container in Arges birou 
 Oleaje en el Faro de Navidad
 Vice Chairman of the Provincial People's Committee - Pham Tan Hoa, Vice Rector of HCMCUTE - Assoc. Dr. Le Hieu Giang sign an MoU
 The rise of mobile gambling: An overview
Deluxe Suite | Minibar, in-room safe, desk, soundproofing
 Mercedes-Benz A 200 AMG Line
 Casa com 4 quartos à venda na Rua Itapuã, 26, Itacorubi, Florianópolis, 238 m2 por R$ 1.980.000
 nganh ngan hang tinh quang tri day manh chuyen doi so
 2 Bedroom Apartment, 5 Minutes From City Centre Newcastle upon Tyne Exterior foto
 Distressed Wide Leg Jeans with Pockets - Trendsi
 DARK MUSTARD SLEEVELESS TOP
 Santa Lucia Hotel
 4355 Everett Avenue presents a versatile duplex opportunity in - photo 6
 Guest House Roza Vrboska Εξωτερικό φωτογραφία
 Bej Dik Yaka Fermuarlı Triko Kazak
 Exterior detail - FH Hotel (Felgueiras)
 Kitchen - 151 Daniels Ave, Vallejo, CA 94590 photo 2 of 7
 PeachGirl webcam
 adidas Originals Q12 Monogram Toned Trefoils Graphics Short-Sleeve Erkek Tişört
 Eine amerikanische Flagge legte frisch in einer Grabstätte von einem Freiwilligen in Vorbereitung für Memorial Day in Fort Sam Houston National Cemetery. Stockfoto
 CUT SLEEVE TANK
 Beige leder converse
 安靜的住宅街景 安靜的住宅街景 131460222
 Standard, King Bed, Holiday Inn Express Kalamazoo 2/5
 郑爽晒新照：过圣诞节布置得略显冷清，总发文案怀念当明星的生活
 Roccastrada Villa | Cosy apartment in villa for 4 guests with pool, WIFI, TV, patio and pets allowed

_Work item_
Go through the material and copy out every line with "Hotel" in it.

_Exercise response_
 Santa Lucia Hotel
 Exterior detail - FH Hotel (Felgueiras)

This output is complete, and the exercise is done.